The pound sterling was pushed down by the dollar rally accelerating and rising risk-off sentiment among investors. Amid recession fears, market players increased their exposure to USD, ignoring other currencies. As a result, the US dollar surged against the pound sterling and the euro.
The UK currency has found no support in the Bank of England's monetary tightening. GBP tumbled in 2022 despite policy measures by the regulator, as investors shifted to safe-haven currencies such as USD. The pound sterling remains at the sidelines, trying to regain balance and consolidate its positions.
The Bank of England is considering another interest rate hike in August. Earlier, BoE's Governor Andrew Bailey and chief economist Huw Pill spoke in favor of a 0.25% increase. However, their position could change at this point.
Currently, Andrew Bailey holds a position matching the decision of the Bank of England. In June, the UK central bank stated it will act decisively if prices and wages increase amid imported inflation shocks. The economic situation will deteriorate if inflation does not return to the target level, Bailey said.
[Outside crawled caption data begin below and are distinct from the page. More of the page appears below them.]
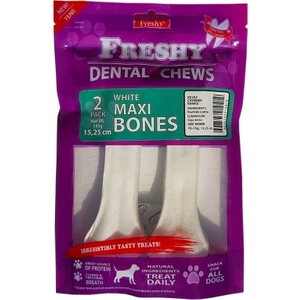 Maxi Dental 15 cm Kemik 2 Adet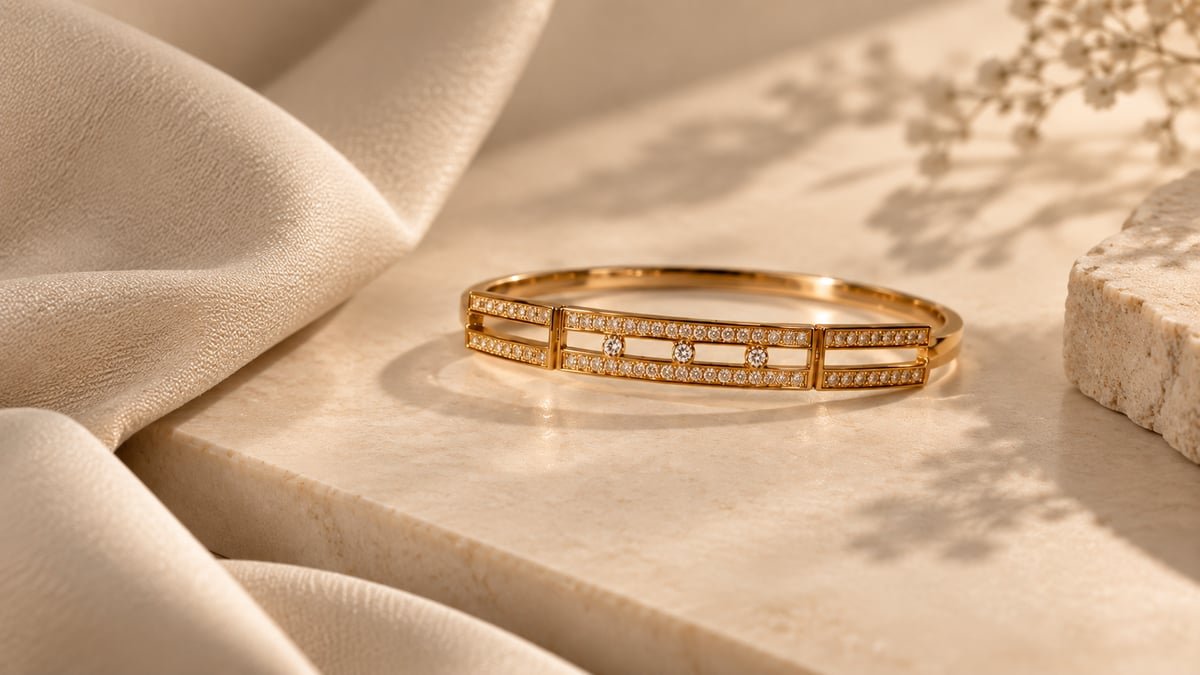 Trister Bracelet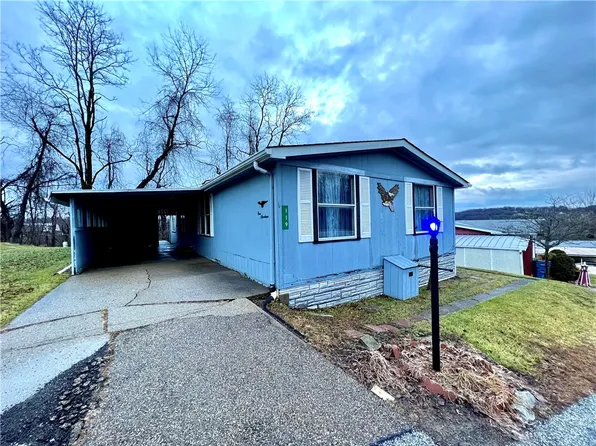 119 Sheffield Dr, Delmont, PA 15626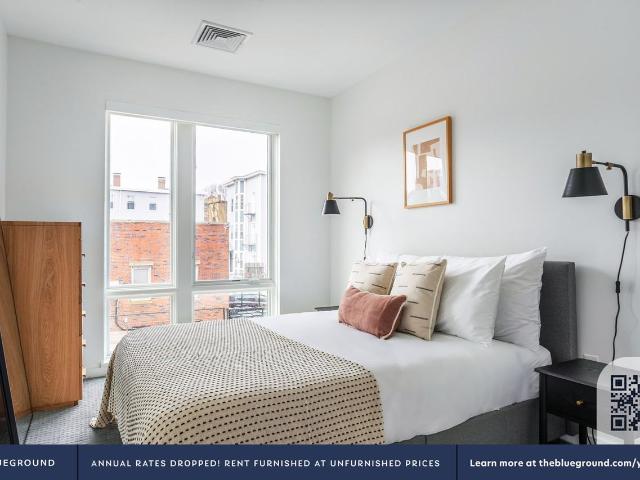 Apartment for rent in Cambridge, Massachusetts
According to the current data, inflation in the UK increased to 9.1% from 9% a month earlier. It is set to reach 11% by the end of 2022. Core inflation has declined to 5.9% from 6.2% in the previous month. Market players are concerned about UK economic prospects and are wary about another bout of inflation weighing down on the economy.
The ongoing leadership race in the UK is another bearish factor for GBP. Following the resignation of Boris Johnson, the ruling Conservative Party is undergoing a leadership reshuffle. Several rounds of votes will be held in the coming days, as Tory MPs choose a new prime minister. The uncertainty over PM hopefuls and their economic course has put pressure on the pound sterling.
However, the USD uptrend and the euro's dive to parity have more influence on the pound than the Conservative Party's leadership vote and are more likely to determine the currency's performance in the medium term, analysts say.